#### [Description of the task]
Copy word for word the lines in the records below, starting at the line with "natural light. A" and ending at the line with "Young woman with". Skip the pictures.

#### [Task data]
◇ ◇ ◇

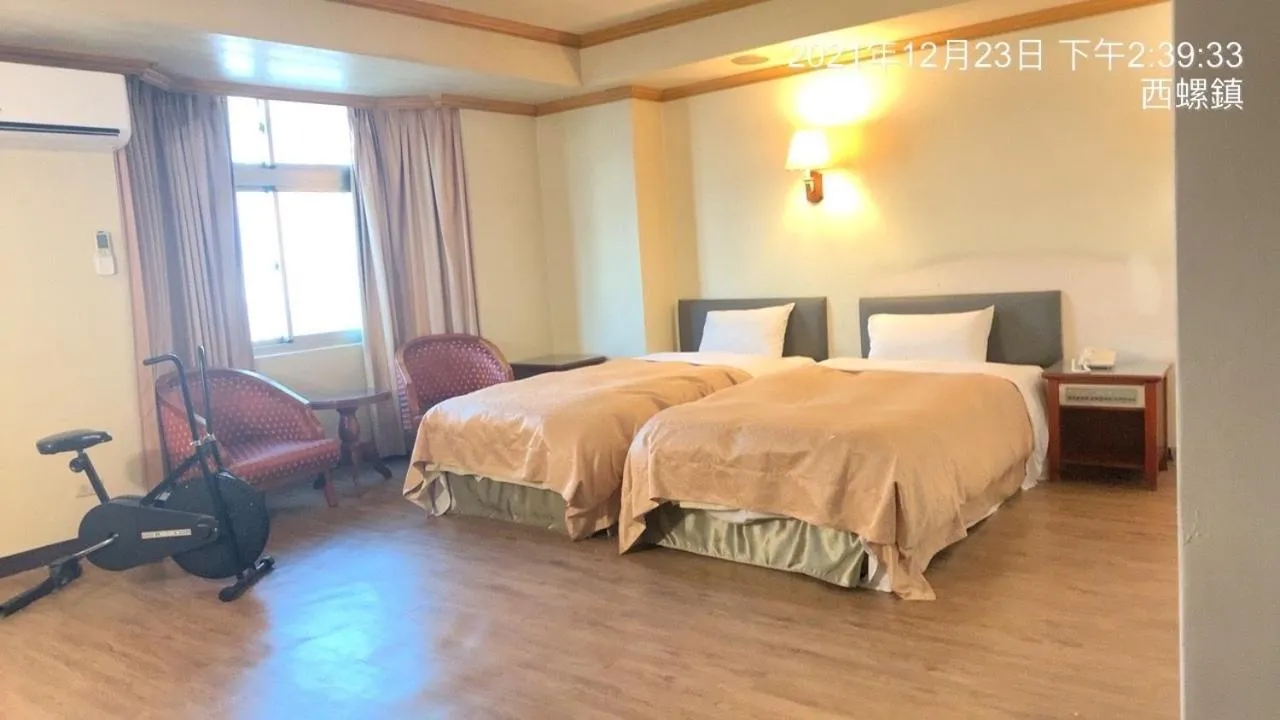 Bed in San Ho Business Hotel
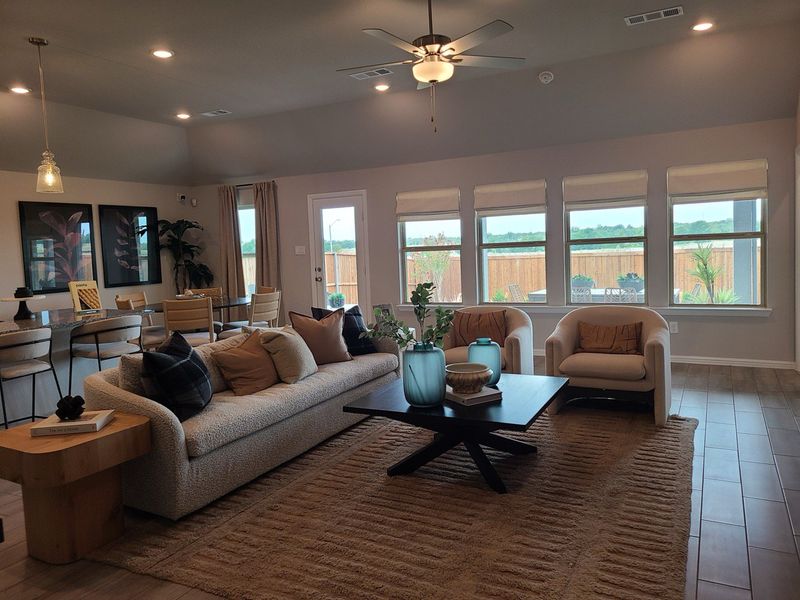 A contemporary living room with a cozy sofa, modern chairs, and large windows bringing in natural light. A contemporary living room with a cozy sofa, modern chairs, and large windows bringing in natural light.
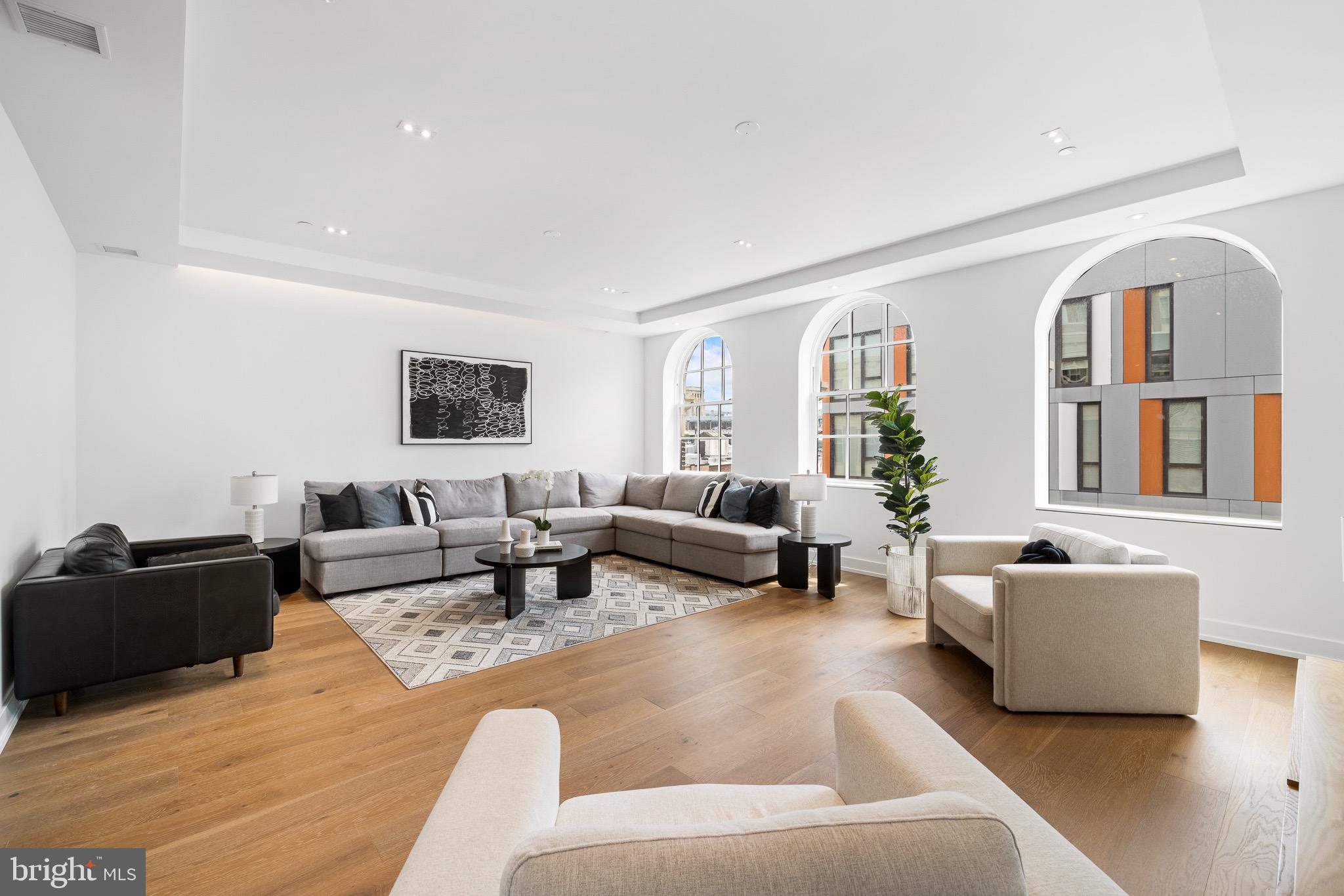 124 North 2nd Street, Unit PH Philadelphia, PA 19106 - Photo 36 of 69 a living room with furniture and a large window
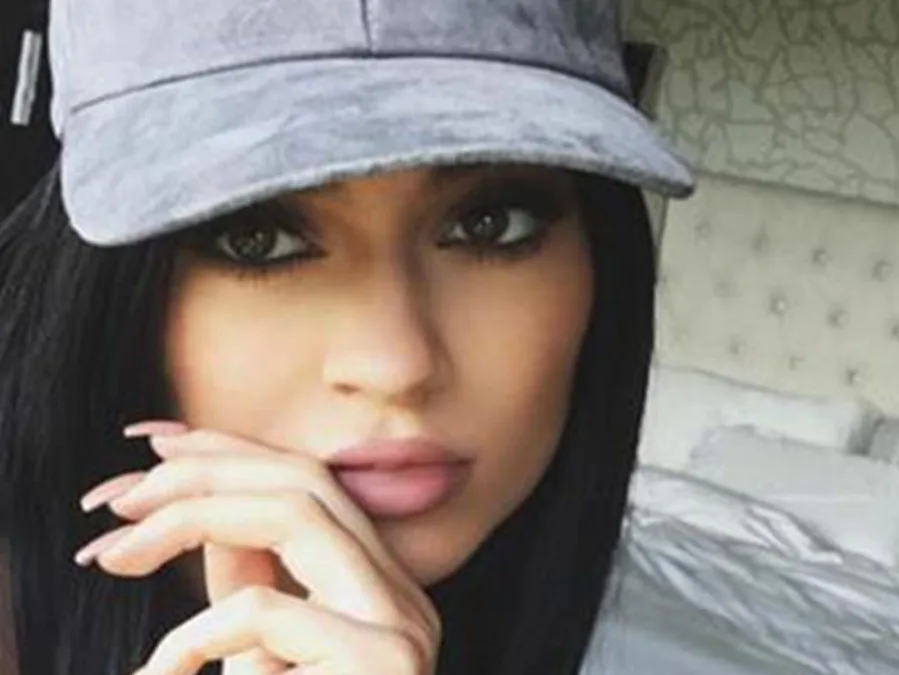 Young woman with dark hair wearing a grey cap, posed indoors, resting her chin on her hand, with a neutral expression.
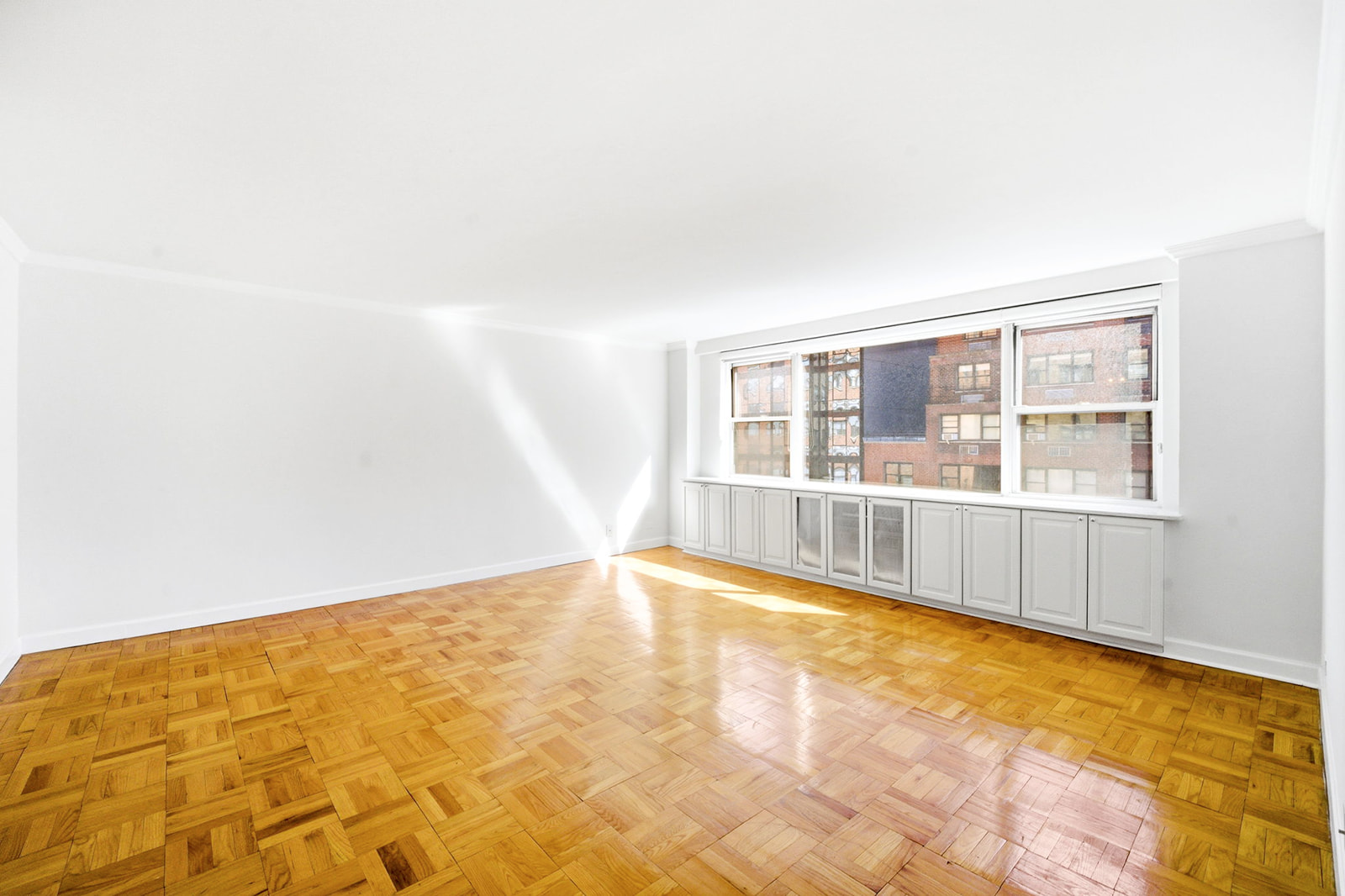 139 East 33rd Street, Unit 12DE Manhattan, NY 10016 - Photo 10 of 27 a view of an empty room with a window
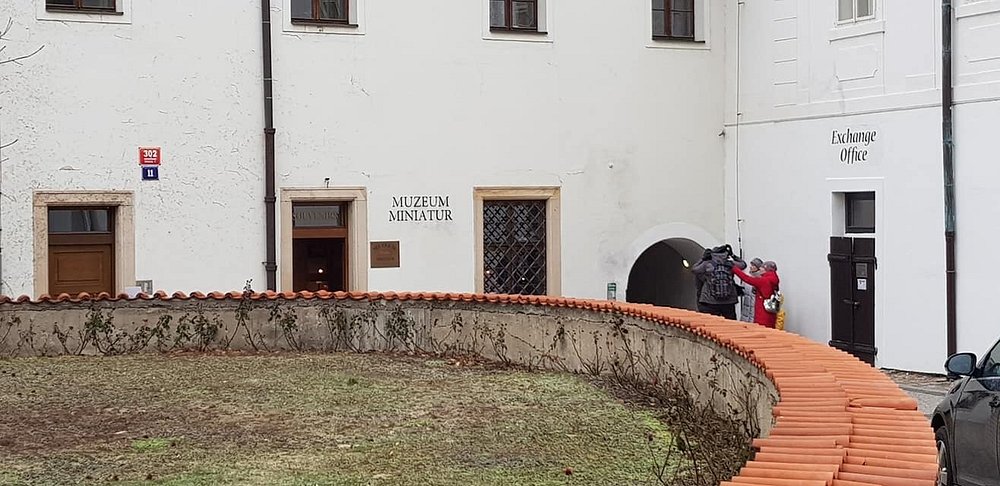 Exterior view of the Museum of Miniatures in Prague, showcasing its unique architecture and inviting entrance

◇ ◇ ◇

#### [Exercise solution]
 A contemporary living room with a cozy sofa, modern chairs, and large windows bringing in natural light. A contemporary living room with a cozy sofa, modern chairs, and large windows bringing in natural light.
 124 North 2nd Street, Unit PH Philadelphia, PA 19106 - Photo 36 of 69 a living room with furniture and a large window
 Young woman with dark hair wearing a grey cap, posed indoors, resting her chin on her hand, with a neutral expression.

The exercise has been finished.